[Opening MATERIAL SUPPLIED section]

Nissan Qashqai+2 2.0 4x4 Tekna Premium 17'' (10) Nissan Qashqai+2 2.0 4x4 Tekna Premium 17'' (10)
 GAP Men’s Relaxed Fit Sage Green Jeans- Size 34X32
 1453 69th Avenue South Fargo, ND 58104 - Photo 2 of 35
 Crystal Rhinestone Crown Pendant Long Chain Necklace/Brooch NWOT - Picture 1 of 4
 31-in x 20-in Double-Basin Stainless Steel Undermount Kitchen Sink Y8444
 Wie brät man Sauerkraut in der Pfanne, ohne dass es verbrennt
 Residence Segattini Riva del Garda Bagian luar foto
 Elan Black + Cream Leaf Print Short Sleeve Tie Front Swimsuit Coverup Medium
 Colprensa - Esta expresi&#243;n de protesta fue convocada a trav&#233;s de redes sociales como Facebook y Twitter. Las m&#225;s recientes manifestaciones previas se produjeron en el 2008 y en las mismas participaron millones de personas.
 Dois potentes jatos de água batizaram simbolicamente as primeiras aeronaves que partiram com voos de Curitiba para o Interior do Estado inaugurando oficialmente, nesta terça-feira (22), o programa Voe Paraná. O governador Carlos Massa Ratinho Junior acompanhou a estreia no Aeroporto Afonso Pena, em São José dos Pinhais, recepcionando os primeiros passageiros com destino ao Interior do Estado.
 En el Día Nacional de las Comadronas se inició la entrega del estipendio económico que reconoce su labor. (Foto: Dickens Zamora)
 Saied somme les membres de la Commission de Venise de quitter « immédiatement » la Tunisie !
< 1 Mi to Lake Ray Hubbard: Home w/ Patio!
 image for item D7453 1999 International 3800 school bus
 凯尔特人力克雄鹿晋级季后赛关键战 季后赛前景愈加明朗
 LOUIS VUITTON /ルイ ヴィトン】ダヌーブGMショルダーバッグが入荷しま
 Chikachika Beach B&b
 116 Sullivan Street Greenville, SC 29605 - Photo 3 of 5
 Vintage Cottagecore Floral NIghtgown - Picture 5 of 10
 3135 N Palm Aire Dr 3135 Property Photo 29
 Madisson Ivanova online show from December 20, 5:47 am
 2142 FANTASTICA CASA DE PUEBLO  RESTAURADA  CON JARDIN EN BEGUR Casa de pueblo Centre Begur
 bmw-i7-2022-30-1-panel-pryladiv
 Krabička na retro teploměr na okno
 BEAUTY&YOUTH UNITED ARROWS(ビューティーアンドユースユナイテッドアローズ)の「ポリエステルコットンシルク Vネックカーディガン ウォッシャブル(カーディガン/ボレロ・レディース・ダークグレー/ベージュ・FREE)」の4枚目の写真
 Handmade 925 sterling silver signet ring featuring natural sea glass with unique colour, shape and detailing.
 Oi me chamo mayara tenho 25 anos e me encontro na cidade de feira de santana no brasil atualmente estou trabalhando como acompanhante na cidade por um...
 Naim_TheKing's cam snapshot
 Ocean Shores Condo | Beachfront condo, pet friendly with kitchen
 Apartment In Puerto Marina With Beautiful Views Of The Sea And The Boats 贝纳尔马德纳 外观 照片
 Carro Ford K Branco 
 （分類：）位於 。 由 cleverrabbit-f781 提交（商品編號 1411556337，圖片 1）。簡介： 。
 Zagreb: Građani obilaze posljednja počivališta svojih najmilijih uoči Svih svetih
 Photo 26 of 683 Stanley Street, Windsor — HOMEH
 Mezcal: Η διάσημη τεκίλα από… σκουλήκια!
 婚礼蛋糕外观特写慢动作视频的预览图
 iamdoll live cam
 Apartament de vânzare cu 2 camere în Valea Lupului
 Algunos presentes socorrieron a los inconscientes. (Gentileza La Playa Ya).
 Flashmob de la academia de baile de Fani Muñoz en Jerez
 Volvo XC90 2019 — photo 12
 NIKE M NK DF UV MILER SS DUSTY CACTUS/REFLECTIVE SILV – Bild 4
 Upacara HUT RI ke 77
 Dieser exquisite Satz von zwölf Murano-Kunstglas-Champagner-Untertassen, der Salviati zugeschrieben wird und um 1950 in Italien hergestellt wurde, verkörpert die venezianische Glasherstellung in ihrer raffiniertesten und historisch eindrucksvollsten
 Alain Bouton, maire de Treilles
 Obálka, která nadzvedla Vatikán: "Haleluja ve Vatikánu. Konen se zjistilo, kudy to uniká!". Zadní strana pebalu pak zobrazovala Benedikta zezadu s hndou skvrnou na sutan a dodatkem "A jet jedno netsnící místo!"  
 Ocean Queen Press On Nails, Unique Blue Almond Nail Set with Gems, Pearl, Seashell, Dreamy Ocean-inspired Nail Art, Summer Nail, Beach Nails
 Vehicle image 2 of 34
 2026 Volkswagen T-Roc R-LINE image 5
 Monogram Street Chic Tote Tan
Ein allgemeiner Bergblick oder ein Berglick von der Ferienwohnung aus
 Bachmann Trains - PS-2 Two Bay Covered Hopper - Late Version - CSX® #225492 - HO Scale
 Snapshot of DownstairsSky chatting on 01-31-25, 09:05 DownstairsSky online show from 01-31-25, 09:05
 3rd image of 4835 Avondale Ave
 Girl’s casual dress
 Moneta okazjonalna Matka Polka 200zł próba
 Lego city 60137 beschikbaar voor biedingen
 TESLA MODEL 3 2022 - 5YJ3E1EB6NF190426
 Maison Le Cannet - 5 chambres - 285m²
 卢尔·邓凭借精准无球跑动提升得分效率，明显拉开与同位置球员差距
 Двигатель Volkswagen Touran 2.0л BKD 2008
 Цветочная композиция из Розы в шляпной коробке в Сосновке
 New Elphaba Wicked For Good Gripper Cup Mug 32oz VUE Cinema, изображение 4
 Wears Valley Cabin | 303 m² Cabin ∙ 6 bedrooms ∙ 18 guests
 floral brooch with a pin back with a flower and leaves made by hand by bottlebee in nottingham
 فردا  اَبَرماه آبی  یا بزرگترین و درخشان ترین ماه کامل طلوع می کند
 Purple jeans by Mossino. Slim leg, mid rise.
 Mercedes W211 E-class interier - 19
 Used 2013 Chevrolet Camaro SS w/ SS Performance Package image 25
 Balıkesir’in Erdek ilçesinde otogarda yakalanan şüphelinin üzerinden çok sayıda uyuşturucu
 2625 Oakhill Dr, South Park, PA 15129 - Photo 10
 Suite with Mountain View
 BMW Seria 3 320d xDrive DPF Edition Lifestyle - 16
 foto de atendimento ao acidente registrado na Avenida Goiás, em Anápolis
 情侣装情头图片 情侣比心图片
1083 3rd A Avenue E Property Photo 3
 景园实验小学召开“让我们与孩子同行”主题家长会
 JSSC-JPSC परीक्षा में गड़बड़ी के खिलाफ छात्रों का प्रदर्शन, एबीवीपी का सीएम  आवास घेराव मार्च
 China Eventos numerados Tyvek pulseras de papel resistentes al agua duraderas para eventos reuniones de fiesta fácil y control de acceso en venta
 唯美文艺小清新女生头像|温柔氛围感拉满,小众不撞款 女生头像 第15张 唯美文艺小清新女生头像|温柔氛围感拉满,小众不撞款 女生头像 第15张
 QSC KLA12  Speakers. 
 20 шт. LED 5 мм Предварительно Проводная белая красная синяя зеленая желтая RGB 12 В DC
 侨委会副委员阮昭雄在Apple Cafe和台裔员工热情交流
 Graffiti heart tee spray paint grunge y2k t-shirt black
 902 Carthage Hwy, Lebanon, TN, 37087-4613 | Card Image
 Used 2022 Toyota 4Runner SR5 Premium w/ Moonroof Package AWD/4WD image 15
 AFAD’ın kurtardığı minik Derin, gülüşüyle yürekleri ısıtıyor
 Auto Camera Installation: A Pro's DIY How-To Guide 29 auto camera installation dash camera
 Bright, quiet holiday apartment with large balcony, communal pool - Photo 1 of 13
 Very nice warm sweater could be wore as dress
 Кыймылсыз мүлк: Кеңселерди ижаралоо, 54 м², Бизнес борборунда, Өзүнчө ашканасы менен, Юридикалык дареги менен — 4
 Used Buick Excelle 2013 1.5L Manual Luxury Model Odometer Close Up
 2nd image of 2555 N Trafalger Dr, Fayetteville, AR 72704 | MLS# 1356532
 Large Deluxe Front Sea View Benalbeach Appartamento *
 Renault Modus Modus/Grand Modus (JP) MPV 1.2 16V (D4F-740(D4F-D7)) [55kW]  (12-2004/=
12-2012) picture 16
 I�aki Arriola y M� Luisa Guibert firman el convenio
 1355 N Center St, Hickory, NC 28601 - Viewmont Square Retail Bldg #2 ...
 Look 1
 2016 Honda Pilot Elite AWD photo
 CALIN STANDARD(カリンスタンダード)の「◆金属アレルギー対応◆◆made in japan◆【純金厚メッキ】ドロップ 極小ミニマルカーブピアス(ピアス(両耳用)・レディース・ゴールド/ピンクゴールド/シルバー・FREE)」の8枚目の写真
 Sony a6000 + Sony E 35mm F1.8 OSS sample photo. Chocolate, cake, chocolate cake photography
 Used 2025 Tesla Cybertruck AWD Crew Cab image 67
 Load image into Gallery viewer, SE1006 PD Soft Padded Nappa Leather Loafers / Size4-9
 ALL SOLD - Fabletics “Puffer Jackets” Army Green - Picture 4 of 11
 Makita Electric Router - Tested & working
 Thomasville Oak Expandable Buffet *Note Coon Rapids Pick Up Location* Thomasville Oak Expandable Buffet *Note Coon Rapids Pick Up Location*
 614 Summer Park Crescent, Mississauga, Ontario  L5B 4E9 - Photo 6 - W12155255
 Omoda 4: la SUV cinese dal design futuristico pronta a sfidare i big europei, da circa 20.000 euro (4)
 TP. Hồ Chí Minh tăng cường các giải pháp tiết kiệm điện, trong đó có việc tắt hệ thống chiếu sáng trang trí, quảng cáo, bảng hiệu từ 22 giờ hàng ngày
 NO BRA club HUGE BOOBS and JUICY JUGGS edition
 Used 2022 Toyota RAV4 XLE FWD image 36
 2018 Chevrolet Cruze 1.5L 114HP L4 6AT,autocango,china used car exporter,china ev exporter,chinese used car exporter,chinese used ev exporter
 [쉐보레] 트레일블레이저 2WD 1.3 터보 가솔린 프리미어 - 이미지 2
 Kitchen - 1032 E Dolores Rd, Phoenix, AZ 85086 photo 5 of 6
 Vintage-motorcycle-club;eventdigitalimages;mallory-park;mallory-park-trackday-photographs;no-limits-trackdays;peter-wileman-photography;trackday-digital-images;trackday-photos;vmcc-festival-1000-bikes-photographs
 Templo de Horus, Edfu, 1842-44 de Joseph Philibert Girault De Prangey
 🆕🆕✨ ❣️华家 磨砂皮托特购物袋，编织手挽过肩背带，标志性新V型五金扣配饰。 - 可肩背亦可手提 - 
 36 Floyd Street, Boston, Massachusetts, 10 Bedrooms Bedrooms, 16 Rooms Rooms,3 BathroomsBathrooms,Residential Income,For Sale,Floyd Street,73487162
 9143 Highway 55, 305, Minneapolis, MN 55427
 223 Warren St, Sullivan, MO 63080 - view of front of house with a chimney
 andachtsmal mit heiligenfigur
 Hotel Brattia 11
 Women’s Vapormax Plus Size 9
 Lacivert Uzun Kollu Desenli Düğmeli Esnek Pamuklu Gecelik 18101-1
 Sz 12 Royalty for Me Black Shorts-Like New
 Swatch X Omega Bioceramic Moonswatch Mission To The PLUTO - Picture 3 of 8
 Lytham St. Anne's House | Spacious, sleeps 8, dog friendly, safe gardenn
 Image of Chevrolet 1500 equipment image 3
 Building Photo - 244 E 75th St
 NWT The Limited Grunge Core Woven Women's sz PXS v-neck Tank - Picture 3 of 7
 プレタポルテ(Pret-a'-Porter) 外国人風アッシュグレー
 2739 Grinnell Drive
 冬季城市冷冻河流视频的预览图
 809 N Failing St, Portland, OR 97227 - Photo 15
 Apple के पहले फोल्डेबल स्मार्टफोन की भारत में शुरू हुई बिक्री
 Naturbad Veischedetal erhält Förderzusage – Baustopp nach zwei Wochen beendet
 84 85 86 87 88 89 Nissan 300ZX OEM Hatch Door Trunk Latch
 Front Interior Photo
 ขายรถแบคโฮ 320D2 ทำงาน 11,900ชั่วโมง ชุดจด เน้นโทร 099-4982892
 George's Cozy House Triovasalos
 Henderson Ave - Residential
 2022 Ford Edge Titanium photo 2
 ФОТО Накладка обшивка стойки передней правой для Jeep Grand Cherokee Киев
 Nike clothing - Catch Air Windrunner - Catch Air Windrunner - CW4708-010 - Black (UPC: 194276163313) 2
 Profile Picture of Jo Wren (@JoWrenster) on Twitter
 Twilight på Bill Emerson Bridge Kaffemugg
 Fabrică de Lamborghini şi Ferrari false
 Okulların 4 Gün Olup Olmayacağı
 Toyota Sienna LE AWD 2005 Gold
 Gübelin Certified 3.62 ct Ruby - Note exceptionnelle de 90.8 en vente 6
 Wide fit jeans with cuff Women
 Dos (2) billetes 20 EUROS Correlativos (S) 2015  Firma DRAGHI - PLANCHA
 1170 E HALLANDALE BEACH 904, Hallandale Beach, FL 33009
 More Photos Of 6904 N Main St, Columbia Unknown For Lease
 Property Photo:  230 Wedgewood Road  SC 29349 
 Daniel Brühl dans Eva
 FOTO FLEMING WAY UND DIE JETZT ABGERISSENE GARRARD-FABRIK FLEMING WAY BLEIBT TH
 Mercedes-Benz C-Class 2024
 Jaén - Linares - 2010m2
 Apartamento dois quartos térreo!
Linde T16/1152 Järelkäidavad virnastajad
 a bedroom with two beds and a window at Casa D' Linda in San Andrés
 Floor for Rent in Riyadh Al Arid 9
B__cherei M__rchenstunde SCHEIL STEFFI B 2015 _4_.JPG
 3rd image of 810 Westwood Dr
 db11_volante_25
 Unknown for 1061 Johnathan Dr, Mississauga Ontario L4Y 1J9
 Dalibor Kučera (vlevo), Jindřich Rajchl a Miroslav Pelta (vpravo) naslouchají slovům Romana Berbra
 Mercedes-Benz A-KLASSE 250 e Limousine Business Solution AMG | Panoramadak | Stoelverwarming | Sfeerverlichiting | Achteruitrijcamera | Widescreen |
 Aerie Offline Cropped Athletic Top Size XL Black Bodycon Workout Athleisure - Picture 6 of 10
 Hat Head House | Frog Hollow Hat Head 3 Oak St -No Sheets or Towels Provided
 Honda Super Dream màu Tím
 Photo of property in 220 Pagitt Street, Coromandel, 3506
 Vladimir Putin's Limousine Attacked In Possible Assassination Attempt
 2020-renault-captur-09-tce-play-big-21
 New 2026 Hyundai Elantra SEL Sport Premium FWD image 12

[Closing MATERIAL SUPPLIED section]

→ HOW TO COMPLETE THIS TASK
For every line above that holds the word "Honda", report the whole line.

→ RESULT OF THIS TASK
 2016 Honda Pilot Elite AWD photo
 Honda Super Dream màu Tím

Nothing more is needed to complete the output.